Starmer, who is also expected to visit Shanghai on Friday, will later make a brief stop in Japan to meet with Prime Minister Sanae Takaichi.
For Xi, the trip is an opportunity to show Beijing can be a reliable partner at a time when President Donald Trump’s policies have rattled historic ties between Washington and its Western allies.
Starmer is battling record low popularity polls and hopes the visit can boost Britain’s beleaguered economy.
The trip has been lauded by Downing Street as a chance to boost trade and investment ties while raising thorny issues such as national security and human rights.
Starmer will meet with Xi for lunch on Thursday, followed by a meeting with Premier Li Qiang.
The British leader said on Wednesday this visit to China was “going to be a really important trip for us,” vowing to make “some real progress.”
There are “opportunities” to deepen bilateral relations, Starmer told reporters traveling with him on the plane to China.
“It doesn’t make sense to stick our head in the ground and bury in the sand when it comes to China, it’s in our interests to engage and not compromise on national security,” he added.
China, for its part, “is willing to take this visit as an opportunity to enhance political mutual trust,” foreign ministry spokesman Guo Jiakun reiterated Wednesday during a news briefing.
Starmer is the latest Western leader to be hosted by Beijing in recent months, following visits by Canadian Prime Minister Mark Carney and French President Emmanuel Macron.
Faced with Trump’s threats to impose tariffs on Canada for signing a trade agreement with China, and the US president’s attempts to create a new international institution with his “Board of Peace,” Beijing has been affirming its support for the United Nations to visiting leaders.
Reset ties
UK-China relations plummeted in 2020 after Beijing imposed a sweeping national security law on Hong Kong, which severely curtailed freedoms in the former British colony.
They soured further since with both powers exchanging accusations of spying.
Starmer, however, was quick to deny fresh claims of Chinese spying after the Telegraph newspaper reported Monday that China had hacked the mobile phones of senior officials in Downing Street for several years.
“There’s no evidence of that. We’ve got robust schemes, security measures in place as you’d expect,” he told reporters on Wednesday.
Since taking the helm in 2024, Starmer has been at pains to reset ties with the world’s second-largest economy and Britain’s third-biggest trade partner.

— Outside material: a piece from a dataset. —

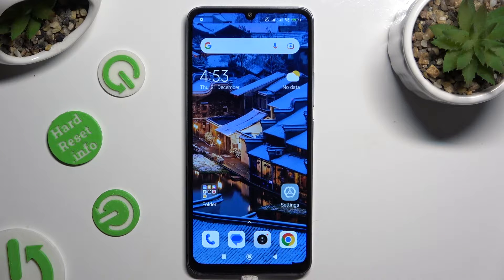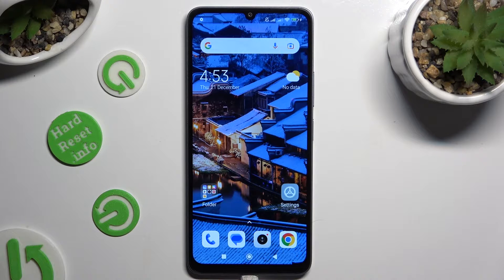Hi! In front of me is the Xiaomi Redmi 13C, and today I would like to show you where you can locate all typing options.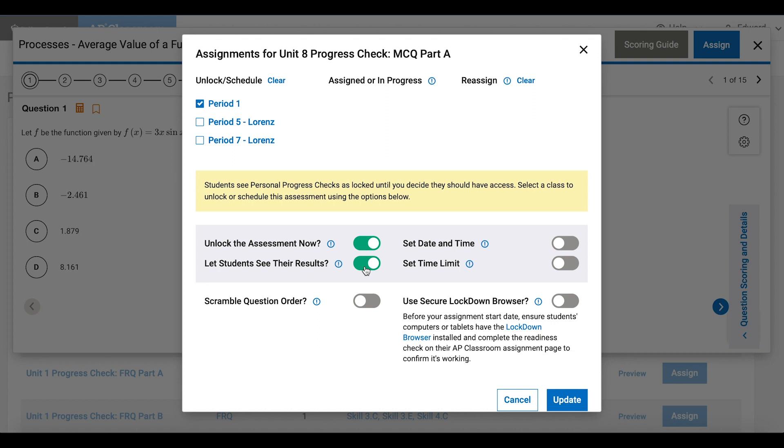If you want to hide the right and wrong answers until after all students have finished the quiz, you can turn on this toggle later. It's up to you. I'll click Update and I'm all set.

In China, he will be accompanied by around 60 business leaders from the finance, pharmaceutical, automobile and other sectors, and cultural representatives as he tries to balance attracting vital investment and appearing firm on national security concerns.
The Labour leader also spoke to Xi on the sidelines of the G20 summit in Brazil in November 2024.
Jimmy Lai
The prime minister is also expected to raise the case of Hong Kong media mogul and democracy supporter Jimmy Lai, 78, a British national facing years in prison after being found guilty of collusion charges in December.
When asked by reporters about his plans to discuss Lai’s case, Starmer avoided specifics, but said engaging with Beijing was to ensure that “issues where we disagree can be discussed.”
“You know my practice, which is to raise issues that need to be raised,” added Starmer, who has been accused by the Conservative opposition of being too soft in his approach to Beijing.
Reporters Without Borders urged Starmer in a letter to secure Lai’s release during his visit.
The British government has also faced fierce domestic opposition after it approved this month contentious plans for a new Chinese mega-embassy in London, which critics say could be used to spy on and harass dissidents.
At the end of last year, Starmer acknowledged that China posed a “national security threat” to the UK, drawing flak from Chinese officials.
The countries also disagree on key issues including China’s close ties with Russian President Vladimir Putin amid the war in Ukraine, and accusations of human rights abuses in China.